2. Social Media Scams
Most of the adverts placed on networking sites such as Facebook and Twitter are genuine. However, fraudsters also advertise promotions and offers with the intent that people will click on these false adverts and be redirected to a website full of counterfeit materials. Cyber-criminals may also be on the hunt for personal details which can be used to steal people's identities and commit fraudulent transactions. To combat this, SecuriGroup recommends:
- Do not have too much personal information on social media accounts which could allow your bank account(s) to be compromised.
- Be wary of installing add-ons to your internet browser as some can be used to extract personal and financial information from your search history.
- If you click on a social media advert, do the necessary checks before buying anything from the website.
3. Dating / Romance Fraud
A rise in members of the public looking for a partner tends to occur around the festive season, with many signing up to online dating websites. Popularity for the websites has grown dramatically in recent years, but SecuriGroup recommends being on the lookout for fraudsters trying to win your affection and then asking for money. Requests for money take many forms, including paying for them to visit you or helping out with a family problem. Do not listen to promises of repayment – better to sever contact and look elsewhere. To prevent this, SecuriGroup recommends:
- Guard your privacy when chatting online and be selective with the information you provide about yourself.
- Never send money or give credit card or online account details to anyone you do not know and trust.
- Trust your instincts; if something feels wrong, take steps to protect yourself.
4. Holiday Fraud
During (or just after) the festive period, many members of the public are interested in taking a few days off work, often in search of some sunshine or snow. With the expense of buying Christmas presents, many individuals look for last-minute deals advertised online. However, it is important to be aware of fraudsters advertising fake holidays on websites or social media. These often come in the form of cheap 'too-good-to-miss' package trips, bargain-booking offers for villas and ski chalets, or calls and texts offering tempting last-minute deals. To combat this, SecuriGroup recommends:
- Always pay with a credit card; if they don't accept, don't buy from them.
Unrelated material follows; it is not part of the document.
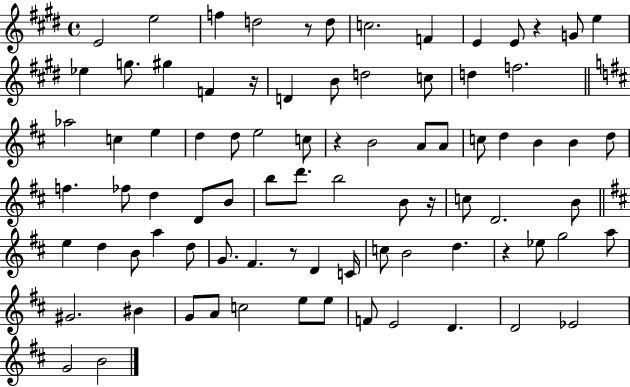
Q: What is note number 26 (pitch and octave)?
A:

- Use companies that are ABTA or ATOL protected. Verify this protected status by contacting the Civil Aviation Authority.
- Research the internet and consider the reviews of the company or person you wish to use before booking your trip.
5. Donating to Charity
The festive period is traditionally a time when charities seek donations. Most collections and appeals are legitimate, but be aware that fraudsters are looking to exploit your charitable nature and steal donations. One of the most common ways of doing this is online. To combat this, SecuriGroup recommends:
- Visit the charity's website by typing the address into your browser rather than clicking on a hyperlink embedded in an email.
- Before you donate, check the website you are on is secure – the web address should begin with https:// (the 's' stands for 'secure') and look for the padlock symbol.
- Do not respond to requests to donate through a money transfer company such as Western Union, Virgin Money or TransferWise.
- If you are still worried, a legitimate charity will advise you on other ways to give on their website or via a phone call.